15. SQL II - CSCI 9 - Practical Data Science

SQL I introduced why databases, tables and schema, and basic queries (SELECT, FROM, WHERE, and simple GROUP BY). SQL II goes deeper: grouping and aggregation in more detail, joins (combining multiple tables on common keys), and other patterns that mirror what you did in pandas — but expressed in SQL and executed by the database. This chapter completes the SQL foundation you need to work with relational data in real-world pipelines and analytics.

Together, SQL I and II support the lifecycle when data is too large or too dynamic for CSV + pandas alone. They also connect to topics you have seen elsewhere: merging in Pandas III (conceptually similar to SQL joins), and the idea that the right tool depends on where and how the data is stored.

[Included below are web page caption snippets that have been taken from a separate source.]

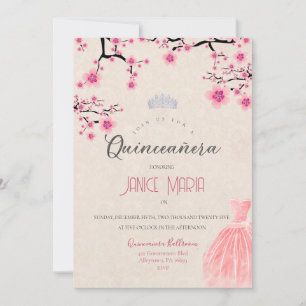 Cherry Blossom Quinceañera Invitation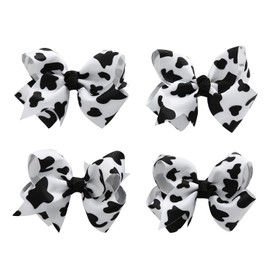 4PCS Cow Print Hair Bows Clips for Baby Girls Women Cowgirl Moo Cow Bowknot Party Hair Accessories 3 Inch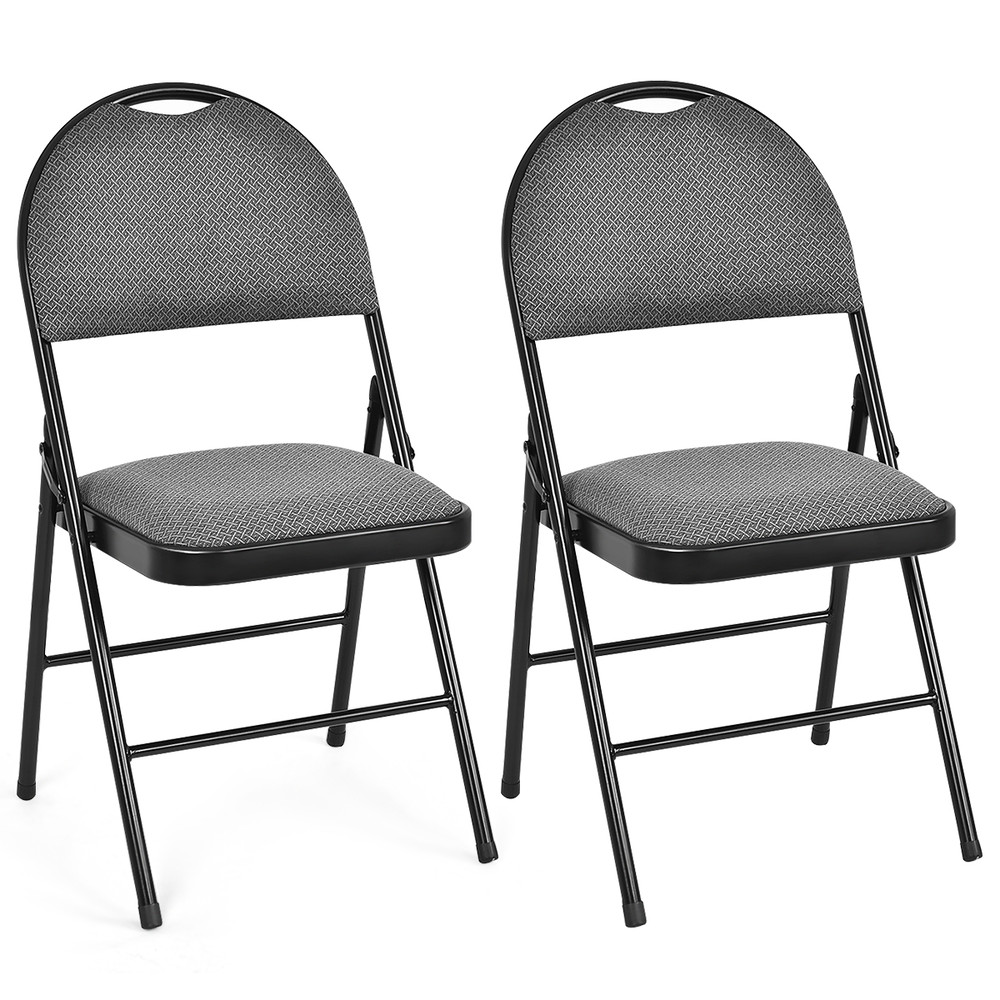2 Pieces Padded Folding Office Chairs with Backrest, Portable Metal Frame Chairs for Home, Dining, Conference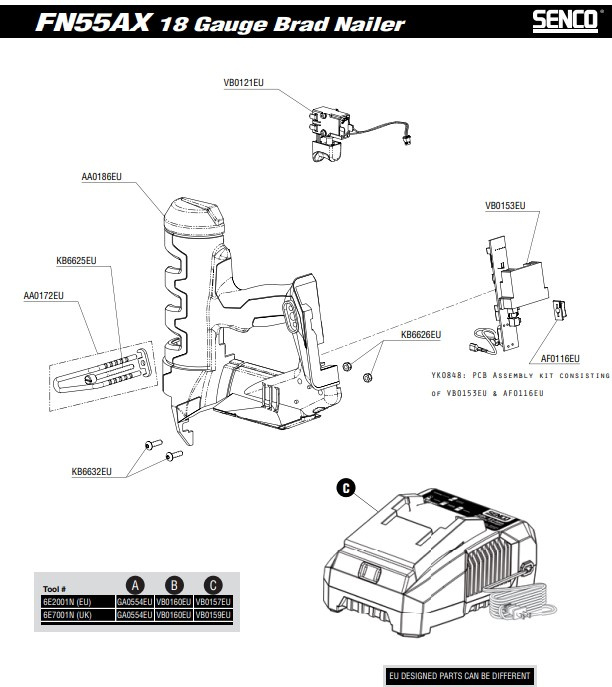 Onderdeel Senco VB0121 Trigger S A Fusion Senco Fusion F18
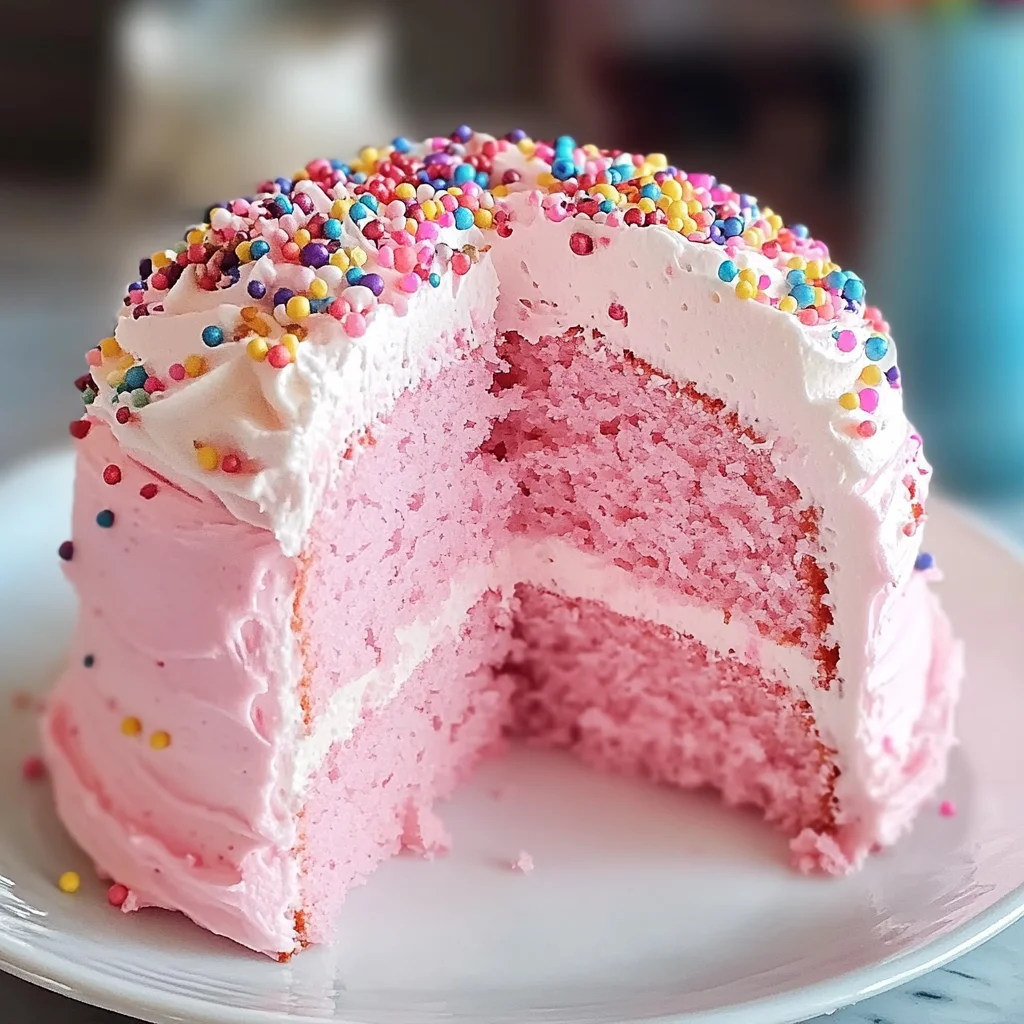 Beautiful Pink Angel Food Cake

Grouping and aggregation in SQL¶

Just as in pandas we use .groupby().agg(), in SQL we use GROUP BY with aggregate functions (COUNT, SUM, AVG, etc.) to summarize by category. We can filter groups with HAVING (analogous to filtering after a groupby in pandas). These patterns let you answer questions like “How many records per year?” or “What is the average value per region?” directly in the database.

Joins¶

Real data is often split across multiple tables (e.g., orders and customers, or events and locations). Joins combine tables on matching keys (e.g., customer_id). Inner joins, left joins, and other variants control which rows appear when there is no match. Mastering joins in SQL lets you work with normalized databases and integrate data from different sources — a core skill in data engineering and analysis.